As Ted Leeson points out, the connections between birds, trout, and fly fishing are numerous. Right down to the feathers used to tie flies. Where I fish in Washington State, the river bottoms are chock full of deer, raccoons, coyotes, muskrats, etc. Although I love to see these furry critters when fishing, the animals I watch most closely are the swallows, waxwings, and other “tweety” birds. Because just like trout, these birds feed on the insects that live in and around water.

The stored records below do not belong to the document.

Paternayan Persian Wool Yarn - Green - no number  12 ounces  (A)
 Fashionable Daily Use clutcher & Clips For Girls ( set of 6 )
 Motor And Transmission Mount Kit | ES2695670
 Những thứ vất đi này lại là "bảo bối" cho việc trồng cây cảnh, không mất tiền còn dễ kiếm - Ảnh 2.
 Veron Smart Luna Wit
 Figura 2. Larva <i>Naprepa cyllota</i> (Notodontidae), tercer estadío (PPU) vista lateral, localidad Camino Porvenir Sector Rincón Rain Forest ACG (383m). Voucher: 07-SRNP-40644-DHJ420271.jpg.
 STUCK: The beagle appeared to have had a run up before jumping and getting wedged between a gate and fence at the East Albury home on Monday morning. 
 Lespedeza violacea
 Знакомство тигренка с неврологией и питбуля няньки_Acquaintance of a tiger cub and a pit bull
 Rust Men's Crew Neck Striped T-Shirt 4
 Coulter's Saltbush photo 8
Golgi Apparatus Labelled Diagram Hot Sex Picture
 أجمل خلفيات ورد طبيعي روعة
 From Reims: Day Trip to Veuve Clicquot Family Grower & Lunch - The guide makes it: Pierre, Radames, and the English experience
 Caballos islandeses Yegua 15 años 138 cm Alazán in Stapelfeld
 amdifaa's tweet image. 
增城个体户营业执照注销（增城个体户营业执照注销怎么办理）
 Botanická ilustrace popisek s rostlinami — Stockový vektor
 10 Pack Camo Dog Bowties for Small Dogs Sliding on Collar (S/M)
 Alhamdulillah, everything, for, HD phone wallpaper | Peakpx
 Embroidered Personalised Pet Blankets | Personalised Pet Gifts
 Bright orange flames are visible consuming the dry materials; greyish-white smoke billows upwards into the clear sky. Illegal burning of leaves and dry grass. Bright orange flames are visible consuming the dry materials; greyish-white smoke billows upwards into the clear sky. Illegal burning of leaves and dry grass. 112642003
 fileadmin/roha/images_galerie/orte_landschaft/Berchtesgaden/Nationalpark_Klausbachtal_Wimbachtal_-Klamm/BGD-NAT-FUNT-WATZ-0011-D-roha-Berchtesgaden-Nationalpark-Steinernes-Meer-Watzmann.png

There's trout in that thar stream

From Spring through the Fall these little birds are present along rivers, streams, and lakes. They are often the one indicator that fishing is about to get really good. On occasions when the mid-afternoon sun is bright, the fishing is slow, and a cold beer is calling your name, a glance up to the sky may reveal it’s not quite time to pack it in. Because that glance to the sky reveals birds feeding on bugs that will soon be on the water (most likely mating swarms of mayfly spinners). At other times the birds may be feeding near the waters surface signaling the hatch is beginning and it is time to switch flies. And every once in a while a single bird, maybe a cedar waxwing, will fly over the river and snatch a solo bug as if to say “did you see that flying ant I just ate?” This happened to me a few years ago on a July day fishing the Gallatin river. On the water were good numbers of caddis and mayflies but those flies weren’t catching fish like one would expect. I was getting more and more frustrated until a lone cedar waxing caught my attention as it flew up into the sun to grab a golden stonefly. A quick fly change to a size 8 yellow stimulator and it was on like Donkey Kong!  The dude abides. Thanks to patience and chance observation, the day went from bland to epic as trout were racing to catch my fly.

Montana Rainbow

A little birdie told me how to catch this fish

In 1653 Sir Izaak Walton wrote in his treatise The Complete Angler “angling may be said to be so like the mathematics that it can never be fully learnt”. Three centuries later, the science and achievement that produce graphite composite fly rods, waterproof-breathable waders, and laser sharpened hooks it still feels like we are figuring out 2+2 when it comes to the behavior of trout.  As true today as it was in Walton’s time, patience and observation are key attributes of every successful fly angler. Catching trout on the fly can be an exercise in frustration but if one practices the craft and looks for the cues nature provides those frustration points can be far and few between. Reading the water, knowing the hatch, and holistically observing the stream-side ecology are big parts of the equation. With exception to the dead of winter, birds species including: swallows, red wing back birds, and finches will likely be present alongside streams. They won’t always be feeding en masse but when you can see them swooping through the air you best watch them carefully, they’ll tell you how to catch the trout.